The 2009 Medieval Academy of America meeting will be taking place from Thursday, March 26th to Saturday March 28th in Chicago, Illinois. Over 400 scholars and graduate students are expected to attend the annual meeting, which is hosted in a different American or Canadian city each year.
The conference, which includes the business meetings for the Medieval Academy of America and the Illinois Medieval Association, will largely take place at the Renaissance Chicago Hotel. The hotel has hosted other academic conferences, including a recent one by the Renaissance Society of America, which impressed the organizers of this meeting.
Over 130 papers are being given over this three day conference, ranging from medieval travel writing to British Holy Women. Plenary speakers include Jaroslav Folda, on "Chrysography in Thirteenth-Century Painting East and West"; Patrick J. Geary, on "Whatever Happened to Latin?"; and Sara Poor speaking about "Sister Act: Gender, Reform, and the Devotional Book in Late Medieval Germany."
Barbara Newman, Professor of English, Religion, and Classics at Northwestern University and chair of the program committee, explains that while many conferences focus on a particular theme, the Medieval Academy of America "seeks a broad range of topics to interest members in the very wide range of fields and disciplines that we cover."
A special mini-conference is being held on Friday, March 27th, at the Loyola University Museum of Art. Entitled, Objects of Medieval Art in Chicago, Professor Newman explains that it will "celebrate the reinstallation of both the Medieval Collection at the Art Institute and the Martin D'Arcy Collection at Loyola...Many members of the art world and the two museum staffs will want to attend this small conference without having to join or register for the Medieval Academy."
Thomas Bestul, Professor of English at the University of Illinois at Chicago and chair of the local arrangements committee, explains that countless hours have been spent on organizing the conference. "The planning has been underway for more than two years," he said. "We don't use a professional meeting planner, so everything is done on a volunteer basis.

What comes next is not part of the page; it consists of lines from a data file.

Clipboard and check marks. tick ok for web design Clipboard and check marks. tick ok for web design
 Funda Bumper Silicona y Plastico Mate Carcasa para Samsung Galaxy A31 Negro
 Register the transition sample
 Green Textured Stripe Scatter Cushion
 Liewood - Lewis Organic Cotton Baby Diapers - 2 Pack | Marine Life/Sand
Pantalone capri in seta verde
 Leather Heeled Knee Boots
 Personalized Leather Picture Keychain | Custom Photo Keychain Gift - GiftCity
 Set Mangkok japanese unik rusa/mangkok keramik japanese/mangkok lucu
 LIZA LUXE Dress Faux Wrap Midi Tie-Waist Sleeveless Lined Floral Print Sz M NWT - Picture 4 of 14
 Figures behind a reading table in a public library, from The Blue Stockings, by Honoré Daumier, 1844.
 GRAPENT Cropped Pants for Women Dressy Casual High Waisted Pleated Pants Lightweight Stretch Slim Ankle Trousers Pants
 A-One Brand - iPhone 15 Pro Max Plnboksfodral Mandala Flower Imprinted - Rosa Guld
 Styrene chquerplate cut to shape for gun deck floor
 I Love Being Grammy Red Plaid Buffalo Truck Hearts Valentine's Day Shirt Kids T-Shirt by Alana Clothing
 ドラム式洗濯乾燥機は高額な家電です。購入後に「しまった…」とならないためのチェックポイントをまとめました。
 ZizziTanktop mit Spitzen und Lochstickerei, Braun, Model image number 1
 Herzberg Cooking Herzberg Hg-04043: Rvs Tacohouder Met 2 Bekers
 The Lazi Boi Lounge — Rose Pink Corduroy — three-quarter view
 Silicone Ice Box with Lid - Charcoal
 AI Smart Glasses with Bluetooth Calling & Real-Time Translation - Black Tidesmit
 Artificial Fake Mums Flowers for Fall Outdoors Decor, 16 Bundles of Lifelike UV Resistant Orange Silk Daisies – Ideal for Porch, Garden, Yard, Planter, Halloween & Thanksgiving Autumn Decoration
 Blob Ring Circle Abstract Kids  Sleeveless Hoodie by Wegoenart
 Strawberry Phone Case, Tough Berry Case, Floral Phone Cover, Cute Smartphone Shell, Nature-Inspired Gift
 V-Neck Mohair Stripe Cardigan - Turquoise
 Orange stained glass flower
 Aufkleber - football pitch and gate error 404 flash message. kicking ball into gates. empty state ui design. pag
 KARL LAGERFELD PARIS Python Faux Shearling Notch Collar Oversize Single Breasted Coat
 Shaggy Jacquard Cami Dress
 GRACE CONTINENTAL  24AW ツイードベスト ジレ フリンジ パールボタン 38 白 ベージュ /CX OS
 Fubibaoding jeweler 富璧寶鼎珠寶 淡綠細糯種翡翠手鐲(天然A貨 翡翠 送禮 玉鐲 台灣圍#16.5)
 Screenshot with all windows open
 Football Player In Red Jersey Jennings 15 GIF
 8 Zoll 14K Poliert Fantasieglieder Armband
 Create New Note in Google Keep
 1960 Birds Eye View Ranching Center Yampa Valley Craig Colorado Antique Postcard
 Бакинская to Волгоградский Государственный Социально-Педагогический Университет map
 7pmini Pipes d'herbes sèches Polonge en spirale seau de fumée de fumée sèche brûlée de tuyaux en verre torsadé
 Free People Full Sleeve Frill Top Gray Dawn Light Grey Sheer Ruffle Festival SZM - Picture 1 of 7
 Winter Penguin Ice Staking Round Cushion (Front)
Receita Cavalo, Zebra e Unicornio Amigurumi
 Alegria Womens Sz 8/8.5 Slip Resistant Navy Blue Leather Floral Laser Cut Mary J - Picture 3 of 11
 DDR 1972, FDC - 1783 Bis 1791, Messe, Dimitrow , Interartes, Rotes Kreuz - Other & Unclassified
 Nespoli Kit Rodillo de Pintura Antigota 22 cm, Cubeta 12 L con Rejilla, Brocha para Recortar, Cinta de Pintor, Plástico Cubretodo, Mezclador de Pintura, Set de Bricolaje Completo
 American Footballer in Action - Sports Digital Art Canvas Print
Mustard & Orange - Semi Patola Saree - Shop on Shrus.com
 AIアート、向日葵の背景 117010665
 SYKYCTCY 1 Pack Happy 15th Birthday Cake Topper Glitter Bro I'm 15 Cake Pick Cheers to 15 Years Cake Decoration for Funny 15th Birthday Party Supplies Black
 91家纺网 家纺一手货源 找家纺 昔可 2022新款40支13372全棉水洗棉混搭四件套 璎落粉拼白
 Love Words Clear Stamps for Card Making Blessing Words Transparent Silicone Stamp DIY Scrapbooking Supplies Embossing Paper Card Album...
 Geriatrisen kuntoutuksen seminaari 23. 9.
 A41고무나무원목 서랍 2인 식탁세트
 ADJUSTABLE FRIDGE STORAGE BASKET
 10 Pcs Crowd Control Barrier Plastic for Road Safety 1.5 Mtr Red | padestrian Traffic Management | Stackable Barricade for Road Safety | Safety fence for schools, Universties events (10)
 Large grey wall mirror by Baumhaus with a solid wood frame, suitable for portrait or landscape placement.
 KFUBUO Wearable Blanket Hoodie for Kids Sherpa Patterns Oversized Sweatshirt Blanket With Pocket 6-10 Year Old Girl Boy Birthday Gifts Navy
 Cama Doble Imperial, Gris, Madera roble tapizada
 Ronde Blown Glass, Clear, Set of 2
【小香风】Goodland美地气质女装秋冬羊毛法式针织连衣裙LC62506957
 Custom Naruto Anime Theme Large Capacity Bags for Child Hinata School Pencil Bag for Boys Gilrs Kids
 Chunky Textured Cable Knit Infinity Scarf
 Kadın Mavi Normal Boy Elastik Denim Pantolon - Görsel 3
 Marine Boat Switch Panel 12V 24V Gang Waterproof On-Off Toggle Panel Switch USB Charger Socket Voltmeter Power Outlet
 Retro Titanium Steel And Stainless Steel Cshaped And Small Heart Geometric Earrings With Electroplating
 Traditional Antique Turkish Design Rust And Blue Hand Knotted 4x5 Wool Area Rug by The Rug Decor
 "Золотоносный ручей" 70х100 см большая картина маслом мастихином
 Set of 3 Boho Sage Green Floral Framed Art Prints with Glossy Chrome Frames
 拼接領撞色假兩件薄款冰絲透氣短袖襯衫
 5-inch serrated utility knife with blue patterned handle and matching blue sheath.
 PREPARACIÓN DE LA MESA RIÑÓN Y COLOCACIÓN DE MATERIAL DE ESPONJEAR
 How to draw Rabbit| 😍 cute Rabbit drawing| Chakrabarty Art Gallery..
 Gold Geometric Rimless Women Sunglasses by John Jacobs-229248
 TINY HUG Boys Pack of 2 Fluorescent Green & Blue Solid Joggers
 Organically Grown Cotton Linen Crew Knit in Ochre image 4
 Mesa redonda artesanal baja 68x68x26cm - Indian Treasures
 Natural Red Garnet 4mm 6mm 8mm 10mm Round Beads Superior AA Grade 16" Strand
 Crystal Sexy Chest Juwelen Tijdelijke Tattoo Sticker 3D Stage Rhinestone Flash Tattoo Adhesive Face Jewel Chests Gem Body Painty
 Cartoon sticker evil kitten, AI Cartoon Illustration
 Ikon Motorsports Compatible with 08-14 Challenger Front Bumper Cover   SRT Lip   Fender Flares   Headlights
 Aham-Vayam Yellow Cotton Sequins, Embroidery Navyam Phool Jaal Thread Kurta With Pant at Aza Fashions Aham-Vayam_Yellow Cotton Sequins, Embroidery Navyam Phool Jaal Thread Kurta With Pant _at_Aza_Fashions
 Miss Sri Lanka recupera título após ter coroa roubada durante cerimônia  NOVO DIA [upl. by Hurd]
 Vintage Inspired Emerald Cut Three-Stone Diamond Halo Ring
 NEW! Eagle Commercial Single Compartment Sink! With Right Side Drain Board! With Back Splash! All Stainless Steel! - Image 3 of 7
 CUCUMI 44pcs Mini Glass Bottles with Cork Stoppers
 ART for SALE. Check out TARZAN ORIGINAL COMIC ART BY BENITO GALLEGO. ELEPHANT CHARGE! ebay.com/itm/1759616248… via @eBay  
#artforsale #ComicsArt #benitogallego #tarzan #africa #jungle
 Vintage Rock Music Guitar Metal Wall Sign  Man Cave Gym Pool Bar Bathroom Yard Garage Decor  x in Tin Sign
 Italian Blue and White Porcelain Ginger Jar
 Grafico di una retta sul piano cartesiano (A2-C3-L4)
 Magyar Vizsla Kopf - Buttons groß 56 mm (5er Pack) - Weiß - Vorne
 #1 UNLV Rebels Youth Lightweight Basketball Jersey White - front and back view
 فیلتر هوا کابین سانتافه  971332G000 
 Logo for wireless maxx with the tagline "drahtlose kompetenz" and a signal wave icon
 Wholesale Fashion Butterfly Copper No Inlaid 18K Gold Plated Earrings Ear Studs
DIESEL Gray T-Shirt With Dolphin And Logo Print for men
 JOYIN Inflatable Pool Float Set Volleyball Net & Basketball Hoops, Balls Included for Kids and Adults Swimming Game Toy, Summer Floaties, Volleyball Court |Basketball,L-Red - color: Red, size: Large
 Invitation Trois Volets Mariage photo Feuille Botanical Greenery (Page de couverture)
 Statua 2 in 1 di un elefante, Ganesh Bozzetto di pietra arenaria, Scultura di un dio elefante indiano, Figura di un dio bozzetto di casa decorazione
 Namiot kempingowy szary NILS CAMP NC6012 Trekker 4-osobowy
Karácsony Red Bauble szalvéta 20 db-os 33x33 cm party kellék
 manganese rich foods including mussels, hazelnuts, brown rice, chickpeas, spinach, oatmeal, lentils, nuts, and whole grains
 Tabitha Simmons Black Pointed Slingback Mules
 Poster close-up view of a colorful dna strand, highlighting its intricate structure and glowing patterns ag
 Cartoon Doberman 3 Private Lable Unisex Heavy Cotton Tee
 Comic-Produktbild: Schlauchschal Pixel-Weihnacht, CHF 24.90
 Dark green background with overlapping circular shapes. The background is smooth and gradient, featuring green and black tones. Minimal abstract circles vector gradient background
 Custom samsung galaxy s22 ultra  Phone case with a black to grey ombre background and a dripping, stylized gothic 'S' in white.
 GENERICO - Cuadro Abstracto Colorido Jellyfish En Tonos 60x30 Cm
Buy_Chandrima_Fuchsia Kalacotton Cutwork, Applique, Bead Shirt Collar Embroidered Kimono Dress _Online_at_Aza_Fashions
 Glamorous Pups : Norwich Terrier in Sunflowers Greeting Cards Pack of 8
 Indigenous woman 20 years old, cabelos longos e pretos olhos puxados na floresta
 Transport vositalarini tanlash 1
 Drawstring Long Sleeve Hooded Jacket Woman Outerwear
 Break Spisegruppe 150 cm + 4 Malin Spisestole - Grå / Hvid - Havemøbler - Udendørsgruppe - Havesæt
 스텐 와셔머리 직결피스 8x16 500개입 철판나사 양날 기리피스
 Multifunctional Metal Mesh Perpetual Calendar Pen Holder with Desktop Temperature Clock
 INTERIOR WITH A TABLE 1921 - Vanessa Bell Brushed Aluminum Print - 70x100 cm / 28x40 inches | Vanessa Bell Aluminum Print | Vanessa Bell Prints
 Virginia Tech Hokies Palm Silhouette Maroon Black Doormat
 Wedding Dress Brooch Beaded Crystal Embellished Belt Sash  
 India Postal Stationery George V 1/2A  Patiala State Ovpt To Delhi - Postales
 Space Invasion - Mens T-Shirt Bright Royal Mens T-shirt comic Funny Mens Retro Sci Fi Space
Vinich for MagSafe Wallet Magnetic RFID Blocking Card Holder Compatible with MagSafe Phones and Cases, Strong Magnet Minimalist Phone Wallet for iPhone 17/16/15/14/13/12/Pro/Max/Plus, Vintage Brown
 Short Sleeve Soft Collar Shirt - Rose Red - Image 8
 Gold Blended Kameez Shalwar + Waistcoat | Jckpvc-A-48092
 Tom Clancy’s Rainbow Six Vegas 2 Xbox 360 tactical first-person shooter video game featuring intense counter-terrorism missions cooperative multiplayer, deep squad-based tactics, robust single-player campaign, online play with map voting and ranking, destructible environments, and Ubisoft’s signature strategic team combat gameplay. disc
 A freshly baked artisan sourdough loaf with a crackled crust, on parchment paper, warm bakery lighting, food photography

We have a working group of more than twelve persons who are faculty members from colleges and universities in the Chicago area."
For those visiting Chicago, Professor Bestul offers some advice on what can be done in the city outside of the conference: "The Art Institute of course is not to be missed. The medieval galleries are in the process of being reorganized, and the new Renzo Piano modern wing won't open for a couple of weeks yet, but there is still much to see. An exhibit on Edward Munch is in progress now. The other attraction is the architectural fabric of Chicago itself. The Chicago Architectural Foundation offers great walking tours. An undiscovered gem is the Loyola University Museum of Art in the Water Tower area - the medieval collections have just been reinstalled in a wonderful new setting. A reception on Thursday at the Newberry Library will be a chance to become acquainted with that wonderful institution."